Transcribe all the material exactly. Leave every line as it is.

▶ DATA
==================================================

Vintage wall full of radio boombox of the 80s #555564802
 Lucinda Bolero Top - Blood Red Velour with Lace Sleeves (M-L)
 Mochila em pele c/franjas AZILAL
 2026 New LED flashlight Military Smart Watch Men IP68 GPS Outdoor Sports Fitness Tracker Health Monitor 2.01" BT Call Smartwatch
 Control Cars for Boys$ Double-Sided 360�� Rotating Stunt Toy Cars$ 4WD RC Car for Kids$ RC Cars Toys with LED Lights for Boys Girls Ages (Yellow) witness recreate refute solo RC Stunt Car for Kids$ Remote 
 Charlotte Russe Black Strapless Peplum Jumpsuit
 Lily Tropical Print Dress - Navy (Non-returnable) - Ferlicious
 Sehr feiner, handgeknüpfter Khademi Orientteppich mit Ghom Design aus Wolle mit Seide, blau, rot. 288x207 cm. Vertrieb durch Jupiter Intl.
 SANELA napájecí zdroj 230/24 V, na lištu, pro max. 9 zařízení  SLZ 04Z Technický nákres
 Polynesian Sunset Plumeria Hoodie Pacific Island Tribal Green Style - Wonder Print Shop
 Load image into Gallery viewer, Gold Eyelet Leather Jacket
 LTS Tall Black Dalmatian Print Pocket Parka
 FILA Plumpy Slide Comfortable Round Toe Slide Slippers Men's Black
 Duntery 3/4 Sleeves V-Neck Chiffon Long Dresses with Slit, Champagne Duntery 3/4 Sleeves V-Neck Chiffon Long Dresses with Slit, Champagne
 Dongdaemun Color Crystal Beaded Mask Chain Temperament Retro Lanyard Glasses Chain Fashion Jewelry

==================================================

▶ COMPLETED EXERCISE
Vintage wall full of radio boombox of the 80s #555564802
 Lucinda Bolero Top - Blood Red Velour with Lace Sleeves (M-L)
 Mochila em pele c/franjas AZILAL
 2026 New LED flashlight Military Smart Watch Men IP68 GPS Outdoor Sports Fitness Tracker Health Monitor 2.01" BT Call Smartwatch
 Control Cars for Boys$ Double-Sided 360�� Rotating Stunt Toy Cars$ 4WD RC Car for Kids$ RC Cars Toys with LED Lights for Boys Girls Ages (Yellow) witness recreate refute solo RC Stunt Car for Kids$ Remote 
 Charlotte Russe Black Strapless Peplum Jumpsuit
 Lily Tropical Print Dress - Navy (Non-returnable) - Ferlicious
 Sehr feiner, handgeknüpfter Khademi Orientteppich mit Ghom Design aus Wolle mit Seide, blau, rot. 288x207 cm. Vertrieb durch Jupiter Intl.
 SANELA napájecí zdroj 230/24 V, na lištu, pro max. 9 zařízení  SLZ 04Z Technický nákres
 Polynesian Sunset Plumeria Hoodie Pacific Island Tribal Green Style - Wonder Print Shop
 Load image into Gallery viewer, Gold Eyelet Leather Jacket
 LTS Tall Black Dalmatian Print Pocket Parka
 FILA Plumpy Slide Comfortable Round Toe Slide Slippers Men's Black
 Duntery 3/4 Sleeves V-Neck Chiffon Long Dresses with Slit, Champagne Duntery 3/4 Sleeves V-Neck Chiffon Long Dresses with Slit, Champagne
 Dongdaemun Color Crystal Beaded Mask Chain Temperament Retro Lanyard Glasses Chain Fashion Jewelry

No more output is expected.